▶ Your goal
Below are records to be transcribed exactly; any pictures should be left out.

(Stored items from a collection)
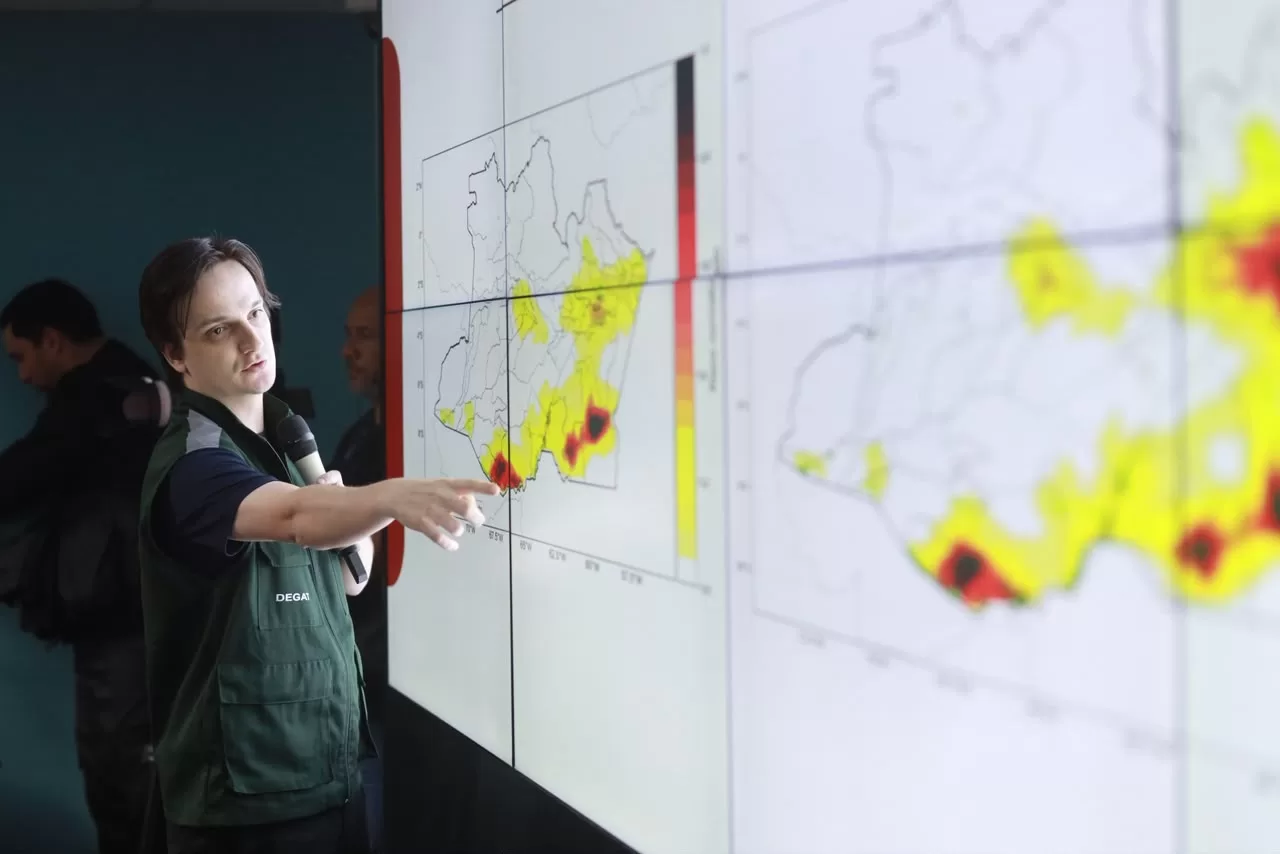Queimadas no AM: 11 são presos em Autazes e frota federal sobe para 16 aeronaves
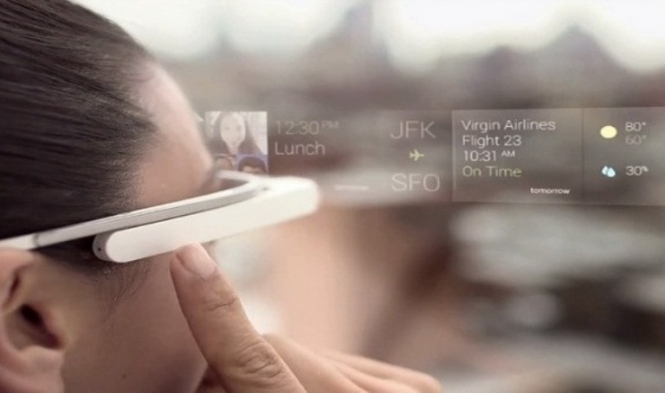 Оновлені Google Glass відправляють нотатки в Evernote і попереджають про затори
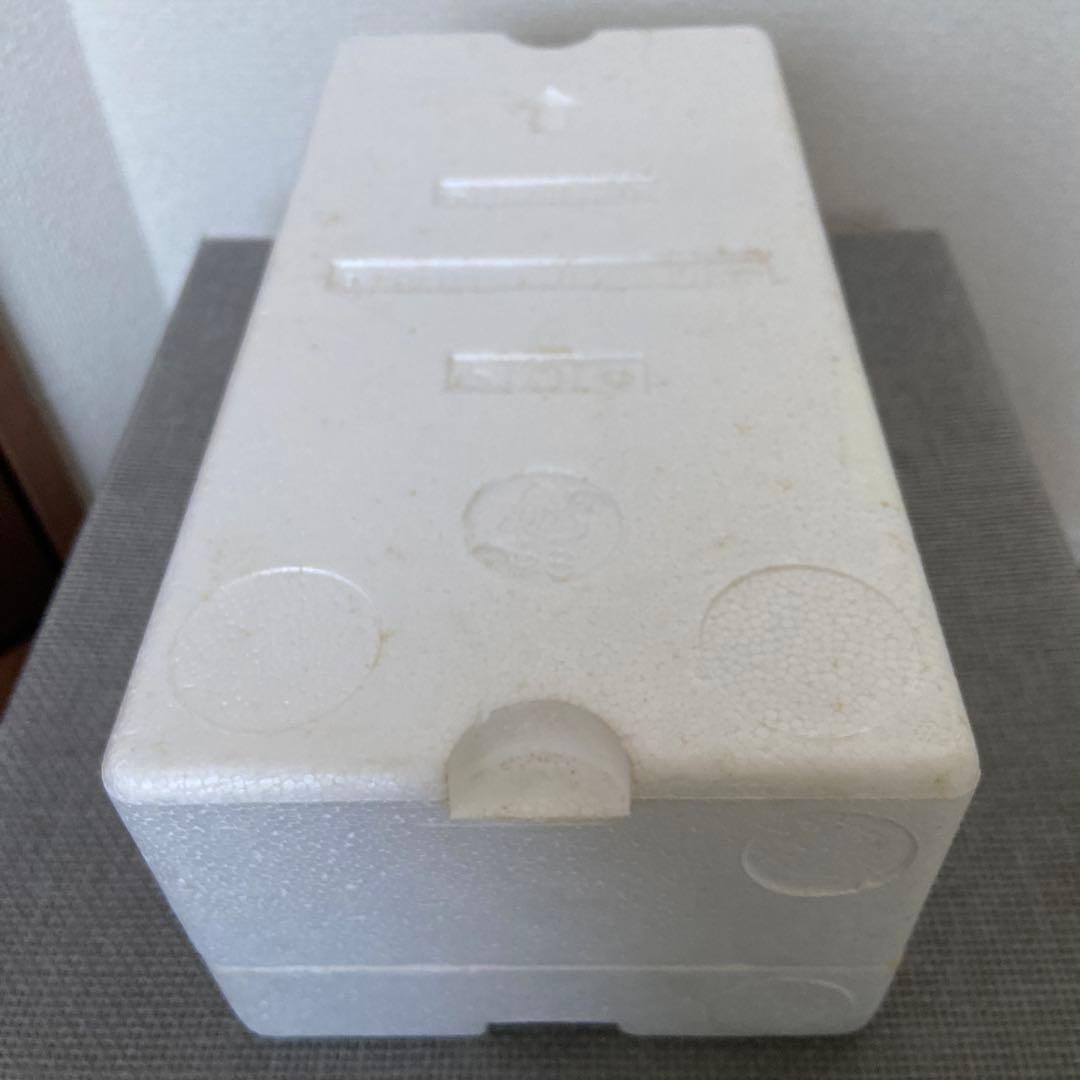 MINICHAMPS 1/18 VOLVO P1800 ES 1971 ブルー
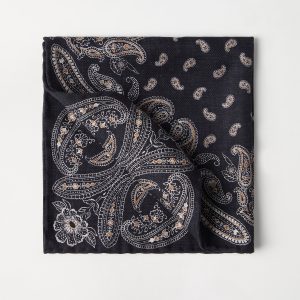 Pocket square with pattern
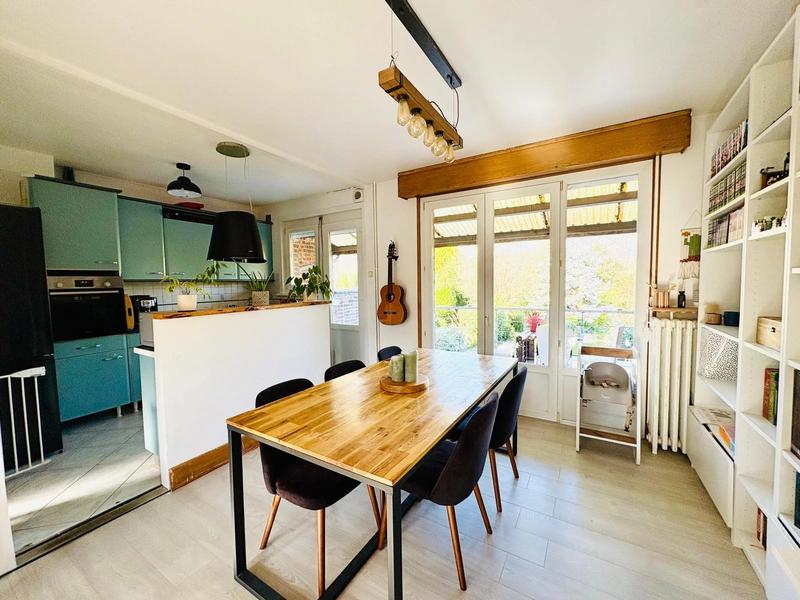 Maison - 85 m² - 4 pièces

▶ Finished task
Queimadas no AM: 11 são presos em Autazes e frota federal sobe para 16 aeronaves
 Оновлені Google Glass відправляють нотатки в Evernote і попереджають про затори
 MINICHAMPS 1/18 VOLVO P1800 ES 1971 ブルー
 Pocket square with pattern
 Maison - 85 m² - 4 pièces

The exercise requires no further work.